Have you ever wondered what would happen if you let go of the kettlebell at the top of a swing? Imagine doing a home workout in front of the sliding glass door and the kettlebell handle slips out of your hands. OK, we can all agree that letting go of the kettlebell in that instance would be a disaster. Letting go of the kettlebell on purpose, however, is actually a skill practice with many benefits. Amazing things can happen if you let go of the kettlebell at the top of a swing; that is, if it’s done outdoors, and with the right intention!

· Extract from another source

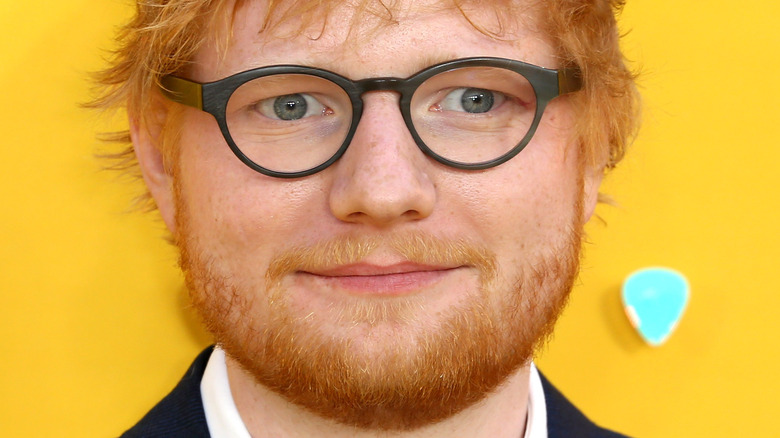 Ed Sheeran posing on the red carpet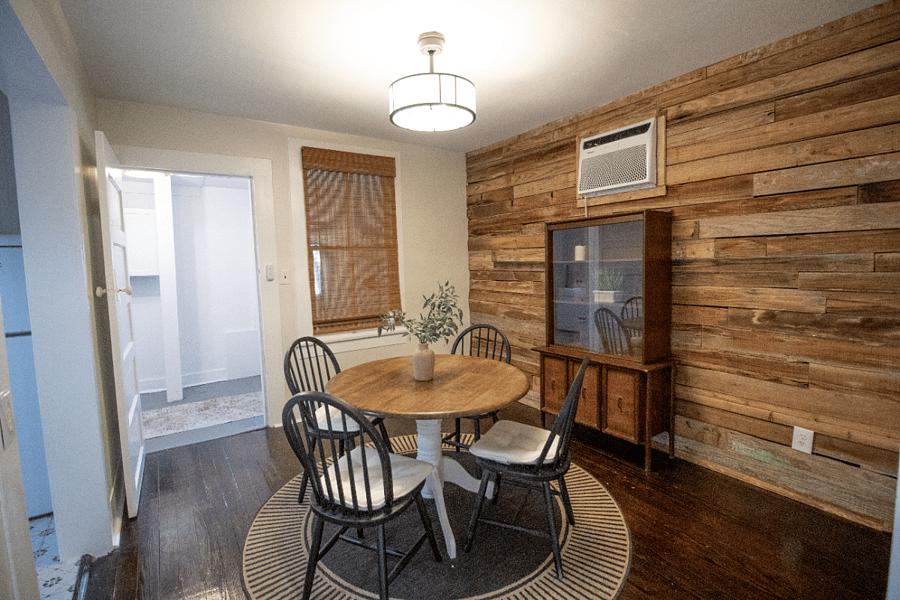Cozy dining nook with a warm wood accent wall, round table for four, and natural textures that create an inviting, relaxed atmosphere. Opens conveniently to the kitchen, laundry space and the study nook.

What Does Tossing the Kettlebell Mean?

To be clear, tossing the kettlebell is not to be confused with passing the kettlebell. Tossing the kettlebell refers to throwing it to the ground, while passing the kettlebell refers to throwing the kettlebell to another person. Tossing the kettlebell the KPP way consists of swinging a kettlebell for three repetitions while counting out loud, then releasing it on the third count with the intention of landing the bell flat on its bottom with the handle positioned straight up to the sky. This is a key practice to prepare for Kettlebell Partner Passing and maintain passing skills between sessions with your partner.

Why Toss the Kettlebell?

While it may seem fun or silly to throw the kettlebell onto the ground, there are numerous good reasons for doing so. Tossing teaches you how to control the bell and temper force so that you use the appropriate amount of energy when you deliver a pass. You learn how to be accurate with your aim and placement so that you know how far to throw the bell to reach your partner, and how to optimally deliver the handle into their hands. Tossing is an opportunity to find the right amount of rotation while experiencing what over and under rotation of the bell look and feel like. Best of all, practicing these skills while tossing the bell to the ground is consequence-free, as there is no risk of causing injury or discomfort to your passing partner.

Tips for Tossing

In order to experience amazing things from tossing a kettlebell, the right intention matters. Here are some tips for starting an intentional tossing practice.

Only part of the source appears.